For centuries, poets like John Muir, Henry David Thoreau and Robert Frost have pondered it. Yet, I think Lenny Pepperbottom, in his series Neature Walk, best describes it when he said,
“Neature is Neat.”
What is it that all these great poets were alluding to? It is the tangible clarity that comes from spending time in the outdoors. According to the National Geographic article “This is your brain on Nature,” David Strayer, a cognitive psychologist at the University of Utah, has found a direct correlation between time spent in the outdoors and the brain`s cognitive function.

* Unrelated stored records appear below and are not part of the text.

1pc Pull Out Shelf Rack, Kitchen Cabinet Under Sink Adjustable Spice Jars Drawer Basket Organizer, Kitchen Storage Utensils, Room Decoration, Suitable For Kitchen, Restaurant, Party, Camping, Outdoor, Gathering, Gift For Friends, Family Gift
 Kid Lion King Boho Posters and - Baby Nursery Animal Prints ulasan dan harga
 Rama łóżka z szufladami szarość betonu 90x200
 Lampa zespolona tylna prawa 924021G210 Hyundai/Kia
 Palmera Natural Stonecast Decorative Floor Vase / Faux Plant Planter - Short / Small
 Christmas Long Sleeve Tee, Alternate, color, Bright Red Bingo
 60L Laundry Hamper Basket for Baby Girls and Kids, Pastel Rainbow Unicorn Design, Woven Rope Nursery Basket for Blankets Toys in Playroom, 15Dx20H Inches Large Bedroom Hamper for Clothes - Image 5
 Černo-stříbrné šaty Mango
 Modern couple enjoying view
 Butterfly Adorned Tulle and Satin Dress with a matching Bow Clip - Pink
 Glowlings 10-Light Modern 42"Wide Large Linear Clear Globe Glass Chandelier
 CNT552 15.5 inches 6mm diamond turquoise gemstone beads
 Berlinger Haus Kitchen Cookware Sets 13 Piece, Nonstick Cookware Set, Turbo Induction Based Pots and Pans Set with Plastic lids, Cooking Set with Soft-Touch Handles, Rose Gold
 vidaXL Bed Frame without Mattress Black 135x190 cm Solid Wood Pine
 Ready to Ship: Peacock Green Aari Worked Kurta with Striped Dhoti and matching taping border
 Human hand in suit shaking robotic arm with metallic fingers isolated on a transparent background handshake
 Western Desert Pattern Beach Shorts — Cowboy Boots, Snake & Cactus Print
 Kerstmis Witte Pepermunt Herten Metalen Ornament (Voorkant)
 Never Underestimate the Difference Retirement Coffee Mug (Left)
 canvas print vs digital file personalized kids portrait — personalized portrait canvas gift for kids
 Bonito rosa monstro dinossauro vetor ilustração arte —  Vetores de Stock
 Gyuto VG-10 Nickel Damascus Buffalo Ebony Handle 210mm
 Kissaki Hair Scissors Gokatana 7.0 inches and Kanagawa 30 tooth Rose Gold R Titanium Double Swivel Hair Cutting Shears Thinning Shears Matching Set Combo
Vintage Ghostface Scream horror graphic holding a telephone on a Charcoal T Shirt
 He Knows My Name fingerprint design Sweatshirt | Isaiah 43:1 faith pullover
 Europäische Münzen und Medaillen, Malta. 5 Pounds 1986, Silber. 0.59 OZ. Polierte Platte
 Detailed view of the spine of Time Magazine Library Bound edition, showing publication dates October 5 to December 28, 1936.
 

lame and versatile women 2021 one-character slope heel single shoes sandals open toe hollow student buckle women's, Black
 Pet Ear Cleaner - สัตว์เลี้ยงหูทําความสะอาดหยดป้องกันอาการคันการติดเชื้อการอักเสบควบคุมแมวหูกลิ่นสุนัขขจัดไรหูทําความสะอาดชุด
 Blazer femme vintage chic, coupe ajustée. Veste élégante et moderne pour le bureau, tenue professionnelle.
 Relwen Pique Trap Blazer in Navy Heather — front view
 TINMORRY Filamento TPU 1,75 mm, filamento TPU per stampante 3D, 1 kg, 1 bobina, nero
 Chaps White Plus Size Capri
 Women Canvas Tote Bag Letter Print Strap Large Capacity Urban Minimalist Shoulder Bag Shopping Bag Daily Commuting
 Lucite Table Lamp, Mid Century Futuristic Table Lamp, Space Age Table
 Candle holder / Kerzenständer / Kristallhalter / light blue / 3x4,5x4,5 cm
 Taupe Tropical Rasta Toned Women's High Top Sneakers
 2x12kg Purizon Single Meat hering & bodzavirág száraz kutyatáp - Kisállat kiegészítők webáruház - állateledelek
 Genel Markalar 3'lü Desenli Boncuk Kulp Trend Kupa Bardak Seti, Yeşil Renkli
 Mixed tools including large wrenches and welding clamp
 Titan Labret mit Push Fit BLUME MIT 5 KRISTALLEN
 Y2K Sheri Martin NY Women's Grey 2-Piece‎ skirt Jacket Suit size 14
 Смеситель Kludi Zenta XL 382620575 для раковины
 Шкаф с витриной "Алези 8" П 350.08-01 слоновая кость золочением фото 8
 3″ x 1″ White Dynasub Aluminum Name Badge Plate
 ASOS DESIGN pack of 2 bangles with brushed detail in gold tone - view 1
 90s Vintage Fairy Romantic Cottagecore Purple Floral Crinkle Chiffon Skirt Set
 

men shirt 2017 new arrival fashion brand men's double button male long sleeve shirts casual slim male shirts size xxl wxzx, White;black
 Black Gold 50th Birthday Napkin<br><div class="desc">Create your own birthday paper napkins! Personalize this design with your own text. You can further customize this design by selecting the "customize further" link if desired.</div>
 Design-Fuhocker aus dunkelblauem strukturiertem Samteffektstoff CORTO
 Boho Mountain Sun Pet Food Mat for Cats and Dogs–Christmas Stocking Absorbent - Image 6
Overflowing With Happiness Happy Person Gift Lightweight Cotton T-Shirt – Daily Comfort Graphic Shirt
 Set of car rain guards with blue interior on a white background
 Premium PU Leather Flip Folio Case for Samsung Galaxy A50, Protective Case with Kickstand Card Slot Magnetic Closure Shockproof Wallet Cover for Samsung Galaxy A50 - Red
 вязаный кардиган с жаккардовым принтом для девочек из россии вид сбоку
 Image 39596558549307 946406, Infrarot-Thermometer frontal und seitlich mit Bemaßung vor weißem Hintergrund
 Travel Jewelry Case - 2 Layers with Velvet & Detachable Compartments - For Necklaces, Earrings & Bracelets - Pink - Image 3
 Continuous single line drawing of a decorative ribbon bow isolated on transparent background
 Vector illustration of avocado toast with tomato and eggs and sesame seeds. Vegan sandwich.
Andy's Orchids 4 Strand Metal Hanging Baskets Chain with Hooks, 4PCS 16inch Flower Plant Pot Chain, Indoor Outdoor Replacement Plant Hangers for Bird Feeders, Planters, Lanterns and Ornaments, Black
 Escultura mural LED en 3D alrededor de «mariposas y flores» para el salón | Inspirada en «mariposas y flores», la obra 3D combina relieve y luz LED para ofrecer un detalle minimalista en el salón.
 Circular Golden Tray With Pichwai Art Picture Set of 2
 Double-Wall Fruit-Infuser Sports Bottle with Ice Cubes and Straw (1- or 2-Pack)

Strayer found that people were “50 percent better on creative problem-solving tasks after three days of wilderness backpacking.” This research is amazing; it proves what Lenny already knew – neature clears the mind.
In today`s fast-paced world, our brains have little time to relax. According to Strayer, a walk in the outdoors provides much-needed tranquility to our overworked brains.
Strayer is not alone is his thinking. In the same article, a study by Richard Mitchell, an epidemiologist at the University of Glasgow in Scotland, suggests that just looking at a photograph of nature can provide relief to anxiety.
Another study by Stanford University, “found that people who walked for 90 minutes in a natural area, as opposed to participants who walked in a high-traffic urban setting, showed decreased activity in a region of the brain associated with a key factor in depression.”
A short video by Nature RX claims that “nature may cause you to slow down, quit your job, or seriously consider what the f$%^ you are doing with your life.” Although their video is not hard science, they make the point in an entertaining and memorable way.
With issues such as depression and anxiety on the rise, studies such as these are groundbreaking. Of course, none of these studies are suggesting that nature is a fix-all solution, but it is a great way to escape the chaos caused by 21st-century life.
So, grab your friends, go outdoors and find some much-needed tranquility — your brain will thank you.